Le plan de relance, le prochain plan France 2030 devraient pourtant permettre de dégager les ressources financières pour des rénovations qui sont utiles aussi hors pandémie tant cette dernière révèle la piètre qualité de l’air dans de nombreux locaux scolaires.
Les masques… et responsabilité de l’employeur
Le Sgen-CFDT n’a eu de cesse de demander à rouvrir la réflexion sur le nombre et la qualité des masques fournis aux personnels.
Faute de réponse en direct, nous découvrons FAQ après FAQ que le ministère et le gouvernement décident d’en rester à deux masques grand public par journée travaillée.
La pratique professionnelle implique d’utiliser plus de deux masques par jour, il en faut aussi pour le déplacement domicile travail. La dotation est donc insuffisante.
Par ailleurs, des collègues travaillent au contact d’élèves ne portant pas le masque, au contact d’élèves non vaccinés. La protection des personnels et des élèves, la juste participation de l’Éducation nationale à la prévention globale de la circulation du virus devrait au contraire induire un équipement adapté : masques FFP2 quand les élèves ne portent pas le masque, masques chirurgicaux au moins ailleurs.

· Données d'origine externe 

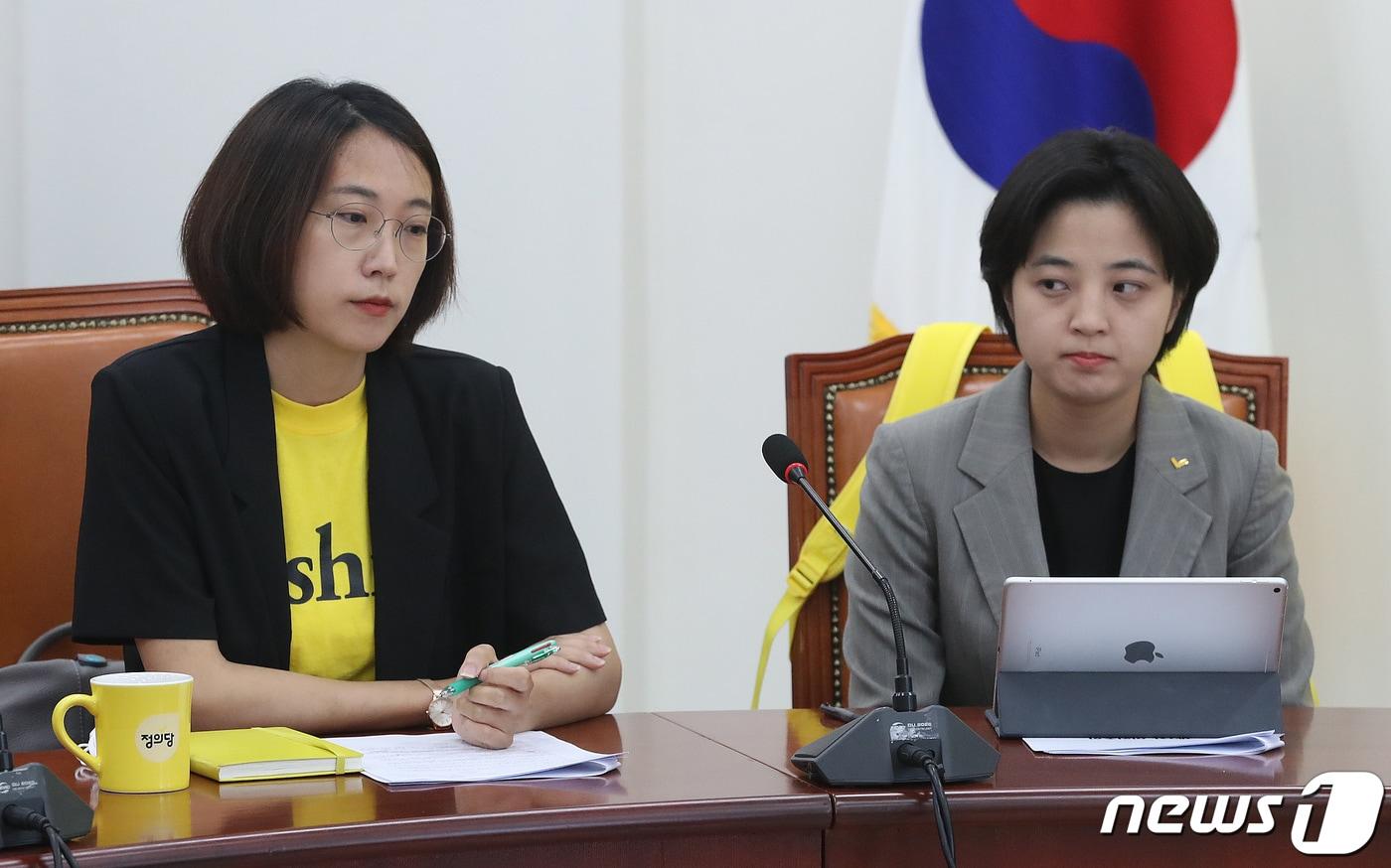 본문 이미지 - 류호정(오른쪽), 장혜영 의원이 9일 오전 서울 여의도 국회에서 열린 정의당 의원총회에 참석해 심상정 대표의 모두발언을 경청하고 있다. 2020.6.9/뉴스1 ⓒ News1 박세연 기자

Ces deux éléments (aération difficile, types de masques fournis) contraignent la quasi totalité de nos collègues à acheter eux-mêmes des masques sur leur argent personnel.
La CFDT demande qu’une indemnité forfaitaire soit versée aux agents afin qu’ils puissent acheter les masques qui correspondent le mieux à leurs besoins.
Sur ces deux sujets : aérosolisation et masques, la question des responsabilités de l’employeur en matière de protection des agents dans le domaine de la santé et de la sécurité sont très clairement questionnées. Sans réponse rapide et efficace du MEN,
la CFDT se devra d’agir et n’exclut pas y compris de recourir à la justice pour obtenir la juste protection des agents. Dépistage
Concernant les dépistages, si d’autres stratégies sont plus efficaces pour garantir le maximum d’enseignement en présentiel, il faut y recourir.
Nous demandons une nouvelle fois au ministère de préciser le cadre pour les élèves de 6ème qui n’accèdent pas à la vaccination, et d’élargir les tests aux élèves vaccinés dans le 2nd degré dès lors qu’ils sont cas contact, comme en population générale.
Il nous semble aussi que la prévention au sens plein du terme devrait mieux impliquer les personnels de santé scolaire dans la formation des personnels et des élèves autour des questions de viralité et de transmission.
Les personnels
Les personnels de santé scolaire n’ont que rarement pu consacrer du temps à ce travail : trop peu nombreux et nombreuses, consacré.e.s à leurs missions et au suivi épidémique. On mesure une fois de plus le fait que les moyens humains en santé scolaire ne sont pas à la hauteur des besoins.
Des personnels sont confrontés à la virulence de collectifs anti-masques et anti-vaccination, avec parfois des menaces directes. Nous demandons que ces situations soient suivies de près par le ministère pour prévenir le risque de passage à l’acte et assurer protection aux agents.
Mieux encadrer et accompagner les élèves dans la période.
Enfin, les élèves dont les classes ou groupes ferment, les élèves mis à l’isolement pourraient l’être plusieurs fois dans l’année selon l’évolution de l’épidémie.
Cela implique de ne pas négliger l’impact de la situation sanitaire sur la formation et la préparation aux examens même si une semaine donnée, au niveau macro, il semble que la perturbation soit mineure ; pour celles et ceux qui sont directement concerné.e.s, la perturbation est réelle et peut fragiliser la persévérance scolaire.
C’est une des raisons pour lesquelles le Sgen-CFDT, depuis le début de la pandémie, insiste sur le besoin de mieux encadrer et accompagner les élèves dans la période.